If that's what you're going to do then yes.  Ask yourself what people
like ISC (the people who do bind and sendmail do to make a living -
after all they have seriously commercial quality products available for
free) or people like RedHat (who give away their linux distro for nix if
you want to download it, or pay a small fee to whatever company
downloads it and sells CD-R burns of the iso's).  People can, and do,
make money giving away their code.

When you figure out how they are doing it, and the philosophy behind it,
then maybe that will ease these fears.

I can pretty much guarantee that if you come up with a "killer app" in
php that no matter how protected it is you will not be the only one with
a version of "killer app" for long.  Someone else will come along and
write something similar - if that person does it open source then
there's also a fair chance it will end up being better than your product
due to shear weight of numbers contributing to it.

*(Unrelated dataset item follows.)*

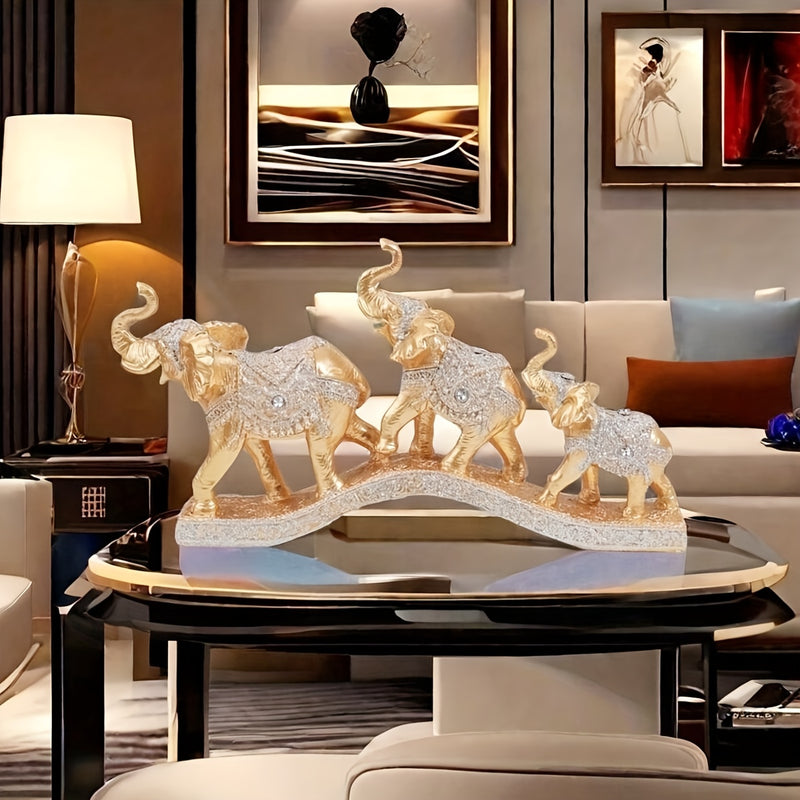 1 Pieza de Adorno Decorativo de Elefante Dorado Feng Shui en Resina, Estatuilla Coleccionable para Hogar y Escritorio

In the end all this, and more, are your decisions.  Of course, if you
choose not to do this commercially then it's a whole different setup
with different goals and so on.

For the record, I pretty much release what I do to anyone who wants it.
Not that my efforts are of a standard that they are worth all that much
per se - they are often fairly specific to the project at hand and not
overly portable (in their released format).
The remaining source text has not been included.